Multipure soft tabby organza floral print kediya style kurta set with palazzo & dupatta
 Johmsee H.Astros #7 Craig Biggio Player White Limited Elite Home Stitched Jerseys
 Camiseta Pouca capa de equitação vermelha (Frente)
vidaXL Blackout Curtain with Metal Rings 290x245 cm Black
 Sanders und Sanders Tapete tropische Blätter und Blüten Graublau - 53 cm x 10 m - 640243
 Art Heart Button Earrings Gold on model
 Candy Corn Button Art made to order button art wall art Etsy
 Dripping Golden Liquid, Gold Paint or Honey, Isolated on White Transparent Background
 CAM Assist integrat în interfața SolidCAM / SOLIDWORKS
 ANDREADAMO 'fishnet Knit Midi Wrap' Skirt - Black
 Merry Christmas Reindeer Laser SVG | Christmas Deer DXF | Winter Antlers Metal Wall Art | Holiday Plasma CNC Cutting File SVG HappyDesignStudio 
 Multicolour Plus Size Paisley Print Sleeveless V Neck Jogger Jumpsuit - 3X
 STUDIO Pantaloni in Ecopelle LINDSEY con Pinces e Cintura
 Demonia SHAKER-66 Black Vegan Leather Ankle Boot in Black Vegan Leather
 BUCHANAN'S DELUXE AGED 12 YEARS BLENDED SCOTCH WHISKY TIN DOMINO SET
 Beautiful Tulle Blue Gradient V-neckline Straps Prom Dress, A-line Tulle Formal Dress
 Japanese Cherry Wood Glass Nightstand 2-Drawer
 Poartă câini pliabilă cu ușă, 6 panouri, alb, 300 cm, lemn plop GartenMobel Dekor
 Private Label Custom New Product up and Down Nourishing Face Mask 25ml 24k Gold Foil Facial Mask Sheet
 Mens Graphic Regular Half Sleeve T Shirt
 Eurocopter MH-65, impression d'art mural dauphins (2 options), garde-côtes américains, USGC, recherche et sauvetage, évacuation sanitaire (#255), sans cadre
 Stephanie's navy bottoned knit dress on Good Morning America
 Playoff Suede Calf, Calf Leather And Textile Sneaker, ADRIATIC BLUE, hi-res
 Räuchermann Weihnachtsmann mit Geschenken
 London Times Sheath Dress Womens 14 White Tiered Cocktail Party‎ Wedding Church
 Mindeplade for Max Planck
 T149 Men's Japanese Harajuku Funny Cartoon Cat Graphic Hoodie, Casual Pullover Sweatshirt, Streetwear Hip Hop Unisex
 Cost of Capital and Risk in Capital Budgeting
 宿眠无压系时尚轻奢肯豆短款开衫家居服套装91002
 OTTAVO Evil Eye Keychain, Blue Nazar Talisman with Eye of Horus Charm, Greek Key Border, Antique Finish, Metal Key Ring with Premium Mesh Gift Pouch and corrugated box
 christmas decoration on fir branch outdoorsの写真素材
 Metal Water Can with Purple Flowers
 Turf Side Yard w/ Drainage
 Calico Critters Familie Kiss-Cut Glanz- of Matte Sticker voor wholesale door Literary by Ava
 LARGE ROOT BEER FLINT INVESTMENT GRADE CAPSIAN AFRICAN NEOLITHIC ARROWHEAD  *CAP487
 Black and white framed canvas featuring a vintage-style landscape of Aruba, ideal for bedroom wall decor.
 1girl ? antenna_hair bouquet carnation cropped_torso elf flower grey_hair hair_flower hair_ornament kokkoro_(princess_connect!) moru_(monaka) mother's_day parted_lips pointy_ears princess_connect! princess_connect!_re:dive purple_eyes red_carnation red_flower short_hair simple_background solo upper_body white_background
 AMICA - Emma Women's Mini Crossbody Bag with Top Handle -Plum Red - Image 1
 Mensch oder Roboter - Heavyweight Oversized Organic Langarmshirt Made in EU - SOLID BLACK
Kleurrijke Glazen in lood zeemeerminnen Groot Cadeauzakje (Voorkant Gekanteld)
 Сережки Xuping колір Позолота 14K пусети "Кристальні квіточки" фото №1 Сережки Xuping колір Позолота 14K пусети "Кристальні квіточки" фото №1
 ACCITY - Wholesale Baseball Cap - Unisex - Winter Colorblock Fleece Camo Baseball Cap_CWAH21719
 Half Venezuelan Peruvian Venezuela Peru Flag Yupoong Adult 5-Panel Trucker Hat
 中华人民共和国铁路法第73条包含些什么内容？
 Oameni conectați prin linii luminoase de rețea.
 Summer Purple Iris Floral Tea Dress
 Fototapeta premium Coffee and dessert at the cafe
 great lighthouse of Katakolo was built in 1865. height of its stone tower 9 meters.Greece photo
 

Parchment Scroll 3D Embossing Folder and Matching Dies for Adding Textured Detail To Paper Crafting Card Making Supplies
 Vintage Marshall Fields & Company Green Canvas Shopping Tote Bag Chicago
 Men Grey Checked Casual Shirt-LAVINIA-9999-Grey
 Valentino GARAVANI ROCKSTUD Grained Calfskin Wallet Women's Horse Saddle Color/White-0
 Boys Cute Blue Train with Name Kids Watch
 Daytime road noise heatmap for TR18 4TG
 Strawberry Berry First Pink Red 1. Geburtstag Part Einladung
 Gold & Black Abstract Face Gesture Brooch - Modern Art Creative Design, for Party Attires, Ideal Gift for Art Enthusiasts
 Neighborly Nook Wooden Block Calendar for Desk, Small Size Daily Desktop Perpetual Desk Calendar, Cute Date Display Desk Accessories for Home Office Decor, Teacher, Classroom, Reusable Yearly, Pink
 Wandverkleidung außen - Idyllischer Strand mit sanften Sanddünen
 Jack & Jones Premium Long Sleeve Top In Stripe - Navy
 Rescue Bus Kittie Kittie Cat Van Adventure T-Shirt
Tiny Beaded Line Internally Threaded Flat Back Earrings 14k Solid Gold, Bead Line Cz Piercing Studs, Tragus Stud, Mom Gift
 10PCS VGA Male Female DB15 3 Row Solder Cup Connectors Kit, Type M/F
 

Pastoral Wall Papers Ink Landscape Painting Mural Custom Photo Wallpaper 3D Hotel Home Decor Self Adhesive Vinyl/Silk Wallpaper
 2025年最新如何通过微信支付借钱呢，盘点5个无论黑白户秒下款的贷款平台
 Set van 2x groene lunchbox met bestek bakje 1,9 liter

####################

:: What is being asked ::
When the word "Gold" appears in a line of the listing, copy that line.

:: Exercise solution ::
 Art Heart Button Earrings Gold on model
 Dripping Golden Liquid, Gold Paint or Honey, Isolated on White Transparent Background
 Private Label Custom New Product up and Down Nourishing Face Mask 25ml 24k Gold Foil Facial Mask Sheet
 Gold & Black Abstract Face Gesture Brooch - Modern Art Creative Design, for Party Attires, Ideal Gift for Art Enthusiasts
Tiny Beaded Line Internally Threaded Flat Back Earrings 14k Solid Gold, Bead Line Cz Piercing Studs, Tragus Stud, Mom Gift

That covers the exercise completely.